[SUPPLIED ENTRIES]:
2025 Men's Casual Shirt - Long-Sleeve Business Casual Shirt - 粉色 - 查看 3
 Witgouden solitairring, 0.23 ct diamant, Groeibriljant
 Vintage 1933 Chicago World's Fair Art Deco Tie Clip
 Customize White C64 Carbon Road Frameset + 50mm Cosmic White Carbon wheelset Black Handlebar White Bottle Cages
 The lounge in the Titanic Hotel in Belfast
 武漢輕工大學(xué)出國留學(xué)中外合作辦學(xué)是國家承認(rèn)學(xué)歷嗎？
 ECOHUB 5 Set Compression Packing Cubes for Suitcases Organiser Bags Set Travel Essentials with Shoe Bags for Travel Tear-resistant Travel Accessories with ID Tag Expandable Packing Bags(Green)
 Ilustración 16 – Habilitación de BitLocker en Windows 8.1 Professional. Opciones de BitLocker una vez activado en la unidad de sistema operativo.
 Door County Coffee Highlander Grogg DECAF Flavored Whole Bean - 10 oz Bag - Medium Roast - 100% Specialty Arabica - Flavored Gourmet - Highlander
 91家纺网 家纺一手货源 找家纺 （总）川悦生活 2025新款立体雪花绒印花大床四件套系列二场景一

[ASSIGNMENT]:
In full and word for word, give the listing above again.

[RESPONSE TO THIS TASK]:
2025 Men's Casual Shirt - Long-Sleeve Business Casual Shirt - 粉色 - 查看 3
 Witgouden solitairring, 0.23 ct diamant, Groeibriljant
 Vintage 1933 Chicago World's Fair Art Deco Tie Clip
 Customize White C64 Carbon Road Frameset + 50mm Cosmic White Carbon wheelset Black Handlebar White Bottle Cages
 The lounge in the Titanic Hotel in Belfast
 武漢輕工大學(xué)出國留學(xué)中外合作辦學(xué)是國家承認(rèn)學(xué)歷嗎？
 ECOHUB 5 Set Compression Packing Cubes for Suitcases Organiser Bags Set Travel Essentials with Shoe Bags for Travel Tear-resistant Travel Accessories with ID Tag Expandable Packing Bags(Green)
 Ilustración 16 – Habilitación de BitLocker en Windows 8.1 Professional. Opciones de BitLocker una vez activado en la unidad de sistema operativo.
 Door County Coffee Highlander Grogg DECAF Flavored Whole Bean - 10 oz Bag - Medium Roast - 100% Specialty Arabica - Flavored Gourmet - Highlander
 91家纺网 家纺一手货源 找家纺 （总）川悦生活 2025新款立体雪花绒印花大床四件套系列二场景一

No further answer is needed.